Repeat the records below exactly. Omit the pictures.

= = = =

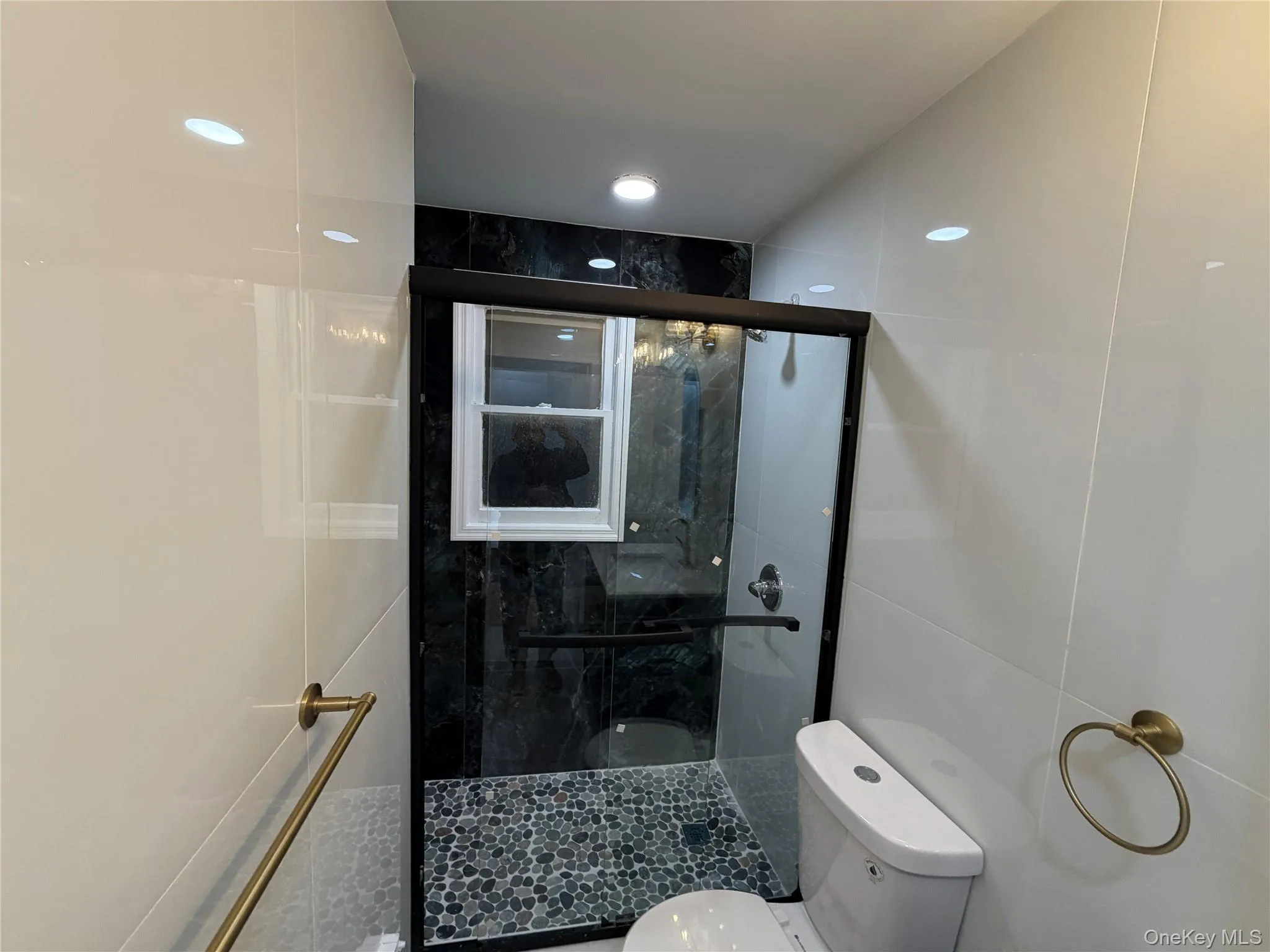 Bathroom with tile walls, a stall shower, and recessed lighting Bathroom with tile walls, a stall shower, and recessed lighting
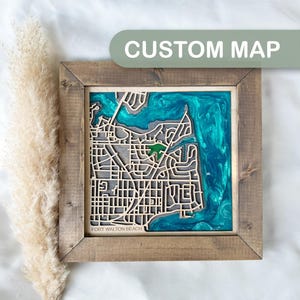 May include: A wooden map of Fort Walton Beach, Florida, with a blue and green epoxy resin inlay. The map is framed in a rustic brown wood frame.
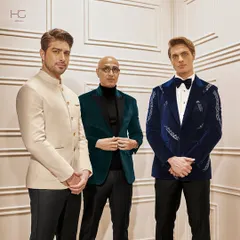Here, I've styled three distinct looks for the wedding season, demonstrating the range of my work. From a classic ivory bandhgala to rich velvets and an embroidered tuxedo, each piece is crafted for royal luxury.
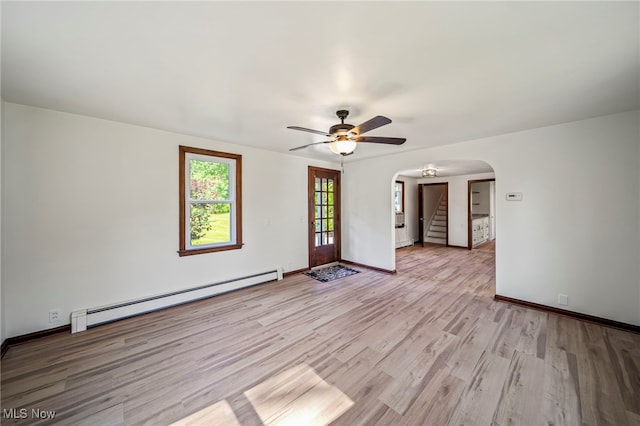 416 N Hambden St, Chardon, OH 44024 - spare room with a baseboard radiator, arched walkways, light wood-style flooring, a ceiling fan, and stairway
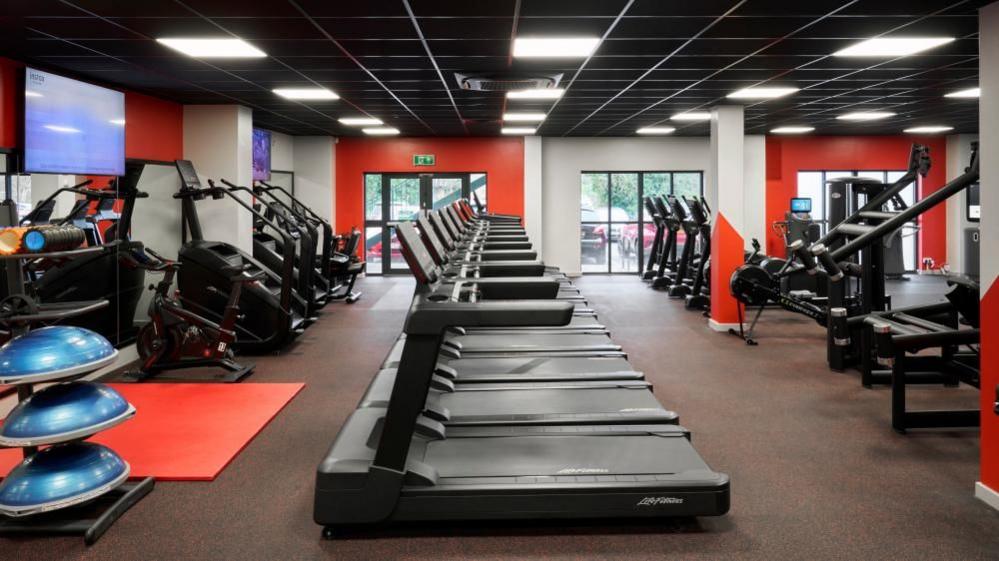 The picture shows the newly refurbished gym at the National Badminton Centre in Milton Keynes. Decorated in black and red colours the gym features a row of treadmills and other workout equipment. 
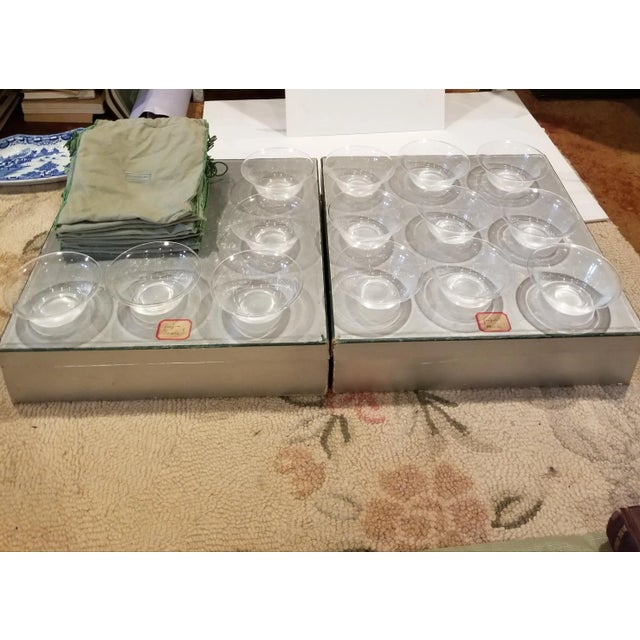 Circa 1900 set of 14 Steuben glass bowls. These are in the original boxes and each bowl has it's own Steuben glass green...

= = = =

## RESPONSE TO THE EXERCISE
 Bathroom with tile walls, a stall shower, and recessed lighting Bathroom with tile walls, a stall shower, and recessed lighting
 May include: A wooden map of Fort Walton Beach, Florida, with a blue and green epoxy resin inlay. The map is framed in a rustic brown wood frame.
Here, I've styled three distinct looks for the wedding season, demonstrating the range of my work. From a classic ivory bandhgala to rich velvets and an embroidered tuxedo, each piece is crafted for royal luxury.
 416 N Hambden St, Chardon, OH 44024 - spare room with a baseboard radiator, arched walkways, light wood-style flooring, a ceiling fan, and stairway
 The picture shows the newly refurbished gym at the National Badminton Centre in Milton Keynes. Decorated in black and red colours the gym features a row of treadmills and other workout equipment. 
 Circa 1900 set of 14 Steuben glass bowls. These are in the original boxes and each bowl has it's own Steuben glass green...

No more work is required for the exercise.